Look through the entries below and extract exactly the lines from the one containing "2027 Chevrolet Equinox LT - Photo 14" through the one containing "2022 Kia Sportage LX Miami Lakes FL 2022", ends included.

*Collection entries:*
== Segment start ==

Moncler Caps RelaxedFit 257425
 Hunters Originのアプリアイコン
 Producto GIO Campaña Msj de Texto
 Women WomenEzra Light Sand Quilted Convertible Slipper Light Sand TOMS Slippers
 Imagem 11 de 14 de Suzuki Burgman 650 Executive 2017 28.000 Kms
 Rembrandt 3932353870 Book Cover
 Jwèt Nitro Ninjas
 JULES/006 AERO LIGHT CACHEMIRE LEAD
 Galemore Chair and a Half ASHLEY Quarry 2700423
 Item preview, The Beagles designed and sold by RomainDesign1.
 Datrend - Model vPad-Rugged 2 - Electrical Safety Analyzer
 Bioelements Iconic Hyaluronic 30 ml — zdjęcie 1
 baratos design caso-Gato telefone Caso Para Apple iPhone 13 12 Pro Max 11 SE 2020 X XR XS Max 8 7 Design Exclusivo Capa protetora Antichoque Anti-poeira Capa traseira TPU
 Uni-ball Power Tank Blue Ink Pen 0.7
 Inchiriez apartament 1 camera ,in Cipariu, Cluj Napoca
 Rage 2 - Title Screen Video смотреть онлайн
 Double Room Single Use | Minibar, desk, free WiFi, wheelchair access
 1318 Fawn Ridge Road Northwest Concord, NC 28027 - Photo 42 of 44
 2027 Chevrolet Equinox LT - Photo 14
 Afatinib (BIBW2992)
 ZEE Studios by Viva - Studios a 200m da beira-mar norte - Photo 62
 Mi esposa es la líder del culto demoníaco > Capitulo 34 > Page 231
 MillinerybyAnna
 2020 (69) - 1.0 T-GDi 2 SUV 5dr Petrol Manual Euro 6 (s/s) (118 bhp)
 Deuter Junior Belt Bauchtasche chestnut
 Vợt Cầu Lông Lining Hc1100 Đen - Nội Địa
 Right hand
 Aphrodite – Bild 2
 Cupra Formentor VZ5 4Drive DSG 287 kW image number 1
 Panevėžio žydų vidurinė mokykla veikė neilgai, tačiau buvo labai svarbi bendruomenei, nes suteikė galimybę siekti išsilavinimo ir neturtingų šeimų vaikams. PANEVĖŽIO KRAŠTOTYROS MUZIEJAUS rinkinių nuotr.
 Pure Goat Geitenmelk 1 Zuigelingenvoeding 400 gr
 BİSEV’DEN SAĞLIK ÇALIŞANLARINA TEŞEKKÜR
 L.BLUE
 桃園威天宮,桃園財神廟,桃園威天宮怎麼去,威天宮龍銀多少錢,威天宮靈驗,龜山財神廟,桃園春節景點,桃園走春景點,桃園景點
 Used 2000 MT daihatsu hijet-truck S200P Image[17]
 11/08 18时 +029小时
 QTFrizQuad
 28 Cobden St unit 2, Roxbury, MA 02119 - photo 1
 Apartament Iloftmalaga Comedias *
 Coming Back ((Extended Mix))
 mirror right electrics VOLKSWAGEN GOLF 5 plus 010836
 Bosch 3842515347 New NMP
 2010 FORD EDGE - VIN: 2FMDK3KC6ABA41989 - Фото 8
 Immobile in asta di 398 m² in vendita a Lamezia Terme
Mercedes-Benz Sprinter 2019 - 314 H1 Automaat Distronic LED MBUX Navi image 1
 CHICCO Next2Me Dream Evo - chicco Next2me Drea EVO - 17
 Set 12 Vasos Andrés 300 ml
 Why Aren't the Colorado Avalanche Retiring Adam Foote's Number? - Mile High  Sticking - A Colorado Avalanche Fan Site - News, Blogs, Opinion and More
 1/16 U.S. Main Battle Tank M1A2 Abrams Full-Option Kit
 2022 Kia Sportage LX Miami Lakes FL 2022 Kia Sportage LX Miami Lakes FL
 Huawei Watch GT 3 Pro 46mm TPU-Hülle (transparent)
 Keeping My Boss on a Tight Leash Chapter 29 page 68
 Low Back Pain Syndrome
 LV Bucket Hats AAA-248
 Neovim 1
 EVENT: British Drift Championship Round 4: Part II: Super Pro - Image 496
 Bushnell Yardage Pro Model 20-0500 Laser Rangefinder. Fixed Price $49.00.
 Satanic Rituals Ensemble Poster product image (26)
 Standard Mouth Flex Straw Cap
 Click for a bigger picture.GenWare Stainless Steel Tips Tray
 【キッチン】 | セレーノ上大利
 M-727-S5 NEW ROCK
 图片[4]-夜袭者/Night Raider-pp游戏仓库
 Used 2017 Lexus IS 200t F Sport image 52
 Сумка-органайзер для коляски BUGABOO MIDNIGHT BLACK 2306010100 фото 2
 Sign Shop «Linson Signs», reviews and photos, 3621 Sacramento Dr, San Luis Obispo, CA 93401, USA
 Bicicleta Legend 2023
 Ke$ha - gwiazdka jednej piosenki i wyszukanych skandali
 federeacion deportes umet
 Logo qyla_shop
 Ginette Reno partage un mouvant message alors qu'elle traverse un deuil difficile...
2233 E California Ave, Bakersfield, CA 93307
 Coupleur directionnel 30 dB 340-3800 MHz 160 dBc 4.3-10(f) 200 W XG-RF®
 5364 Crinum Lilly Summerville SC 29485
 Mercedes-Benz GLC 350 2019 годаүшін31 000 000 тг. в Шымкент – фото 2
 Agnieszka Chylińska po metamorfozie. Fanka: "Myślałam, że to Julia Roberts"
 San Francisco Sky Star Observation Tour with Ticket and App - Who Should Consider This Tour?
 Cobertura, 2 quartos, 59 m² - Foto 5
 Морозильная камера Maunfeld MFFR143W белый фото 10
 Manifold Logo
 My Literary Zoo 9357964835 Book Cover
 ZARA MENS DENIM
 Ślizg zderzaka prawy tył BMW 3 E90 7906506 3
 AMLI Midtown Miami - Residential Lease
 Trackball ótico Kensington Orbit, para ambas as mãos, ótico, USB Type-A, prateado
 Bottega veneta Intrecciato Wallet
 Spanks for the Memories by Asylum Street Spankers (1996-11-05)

== Segment end ==

*Task response:*
 2027 Chevrolet Equinox LT - Photo 14
 Afatinib (BIBW2992)
 ZEE Studios by Viva - Studios a 200m da beira-mar norte - Photo 62
 Mi esposa es la líder del culto demoníaco > Capitulo 34 > Page 231
 MillinerybyAnna
 2020 (69) - 1.0 T-GDi 2 SUV 5dr Petrol Manual Euro 6 (s/s) (118 bhp)
 Deuter Junior Belt Bauchtasche chestnut
 Vợt Cầu Lông Lining Hc1100 Đen - Nội Địa
 Right hand
 Aphrodite – Bild 2
 Cupra Formentor VZ5 4Drive DSG 287 kW image number 1
 Panevėžio žydų vidurinė mokykla veikė neilgai, tačiau buvo labai svarbi bendruomenei, nes suteikė galimybę siekti išsilavinimo ir neturtingų šeimų vaikams. PANEVĖŽIO KRAŠTOTYROS MUZIEJAUS rinkinių nuotr.
 Pure Goat Geitenmelk 1 Zuigelingenvoeding 400 gr
 BİSEV’DEN SAĞLIK ÇALIŞANLARINA TEŞEKKÜR
 L.BLUE
 桃園威天宮,桃園財神廟,桃園威天宮怎麼去,威天宮龍銀多少錢,威天宮靈驗,龜山財神廟,桃園春節景點,桃園走春景點,桃園景點
 Used 2000 MT daihatsu hijet-truck S200P Image[17]
 11/08 18时 +029小时
 QTFrizQuad
 28 Cobden St unit 2, Roxbury, MA 02119 - photo 1
 Apartament Iloftmalaga Comedias *
 Coming Back ((Extended Mix))
 mirror right electrics VOLKSWAGEN GOLF 5 plus 010836
 Bosch 3842515347 New NMP
 2010 FORD EDGE - VIN: 2FMDK3KC6ABA41989 - Фото 8
 Immobile in asta di 398 m² in vendita a Lamezia Terme
Mercedes-Benz Sprinter 2019 - 314 H1 Automaat Distronic LED MBUX Navi image 1
 CHICCO Next2Me Dream Evo - chicco Next2me Drea EVO - 17
 Set 12 Vasos Andrés 300 ml
 Why Aren't the Colorado Avalanche Retiring Adam Foote's Number? - Mile High  Sticking - A Colorado Avalanche Fan Site - News, Blogs, Opinion and More
 1/16 U.S. Main Battle Tank M1A2 Abrams Full-Option Kit
 2022 Kia Sportage LX Miami Lakes FL 2022 Kia Sportage LX Miami Lakes FL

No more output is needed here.